JFEスチールは、CO₂排出量削減や燃費向上を目的とした車体軽量化ニーズの高まりを踏まえ、超高張力鋼板を顧客に提供してきた。一般的に鋼板のプレス成形時においては、金型からプレス品を取り出す際に、元の形に復元するスプリングバックと呼ばれる現象への対応が必要になる。超高張力鋼板は車体軽量化に大きく貢献する素材であるものの、通常の鋼板に比べてプレス成形時の応力が高くなるため、スプリングバック量が大きくなる。スプリングバックが発生すると、目標と異なる形状になり部品同士の接合が困難になるといった課題が生じるため、超高張力鋼板適用拡大の阻害要因になっていた。

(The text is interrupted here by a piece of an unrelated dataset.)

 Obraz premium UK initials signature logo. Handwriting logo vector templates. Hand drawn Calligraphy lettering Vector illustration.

そのため、顧客においては超高張力鋼板であってもスプリングバックを抑制する成形工法に関する強いニーズがあり、それにこたえるためJFEスチールは『壁折リストライク工法』を開発した。
一般的に、プレス成形時に材料に残る応力を低減する、もしくはプレス部品にスプリングバックの要因応力を相殺させる応力を付与することでスプリングバックは小さくなる。今回採用された『壁折リストライク工法』は、多工程あるプレス工程の前工程形状を最適化し、スプリングバックの要因応力を相殺させる応力を付与することを特徴とする技術である。
今回の工法が採用された対象として、ドアの車両下部に配置される骨格部品であるロッカーインナーは、協豊製作所が量産を実施しており、JFEスチールと協豊製作所の共同開発により『壁折リストライク工法』の量産金型への適用が実現された。

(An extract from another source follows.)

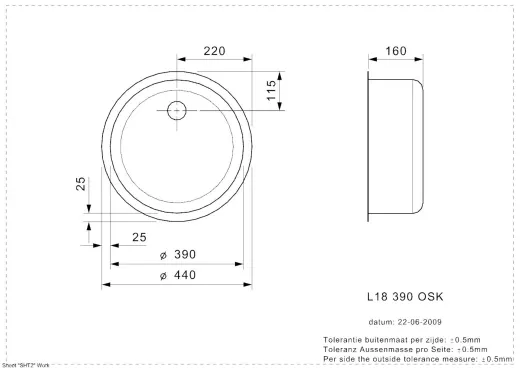 REGINOX Kchensple L18 390 (L) OSK Einbausple Edelstahl mit Flachrand Rundbecken 3 in 1 mit Gummistopfen und Kette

JFEスチールは、素材提供だけでなく、顧客の製品開発・商品性能向上を可能にするソリューションを提供するため、自動車の開発初期段階から顧客と協力し合うEVI活動(Early Vendor Involvement)を積極的に展開している。『壁折リストライク工法』をはじめとした様々な利用技術を開発し、自動車用鋼板における独自の利用技術『JESOLVA』(JFE Excellent SOLution for Vehicle Application)として体系化し総合的なソリューションを提案している。今後も自動車部品の超高張力鋼板の適用拡大に貢献し、車体性能向上や軽量化を実現することで、持続可能な社会の実現に貢献していく。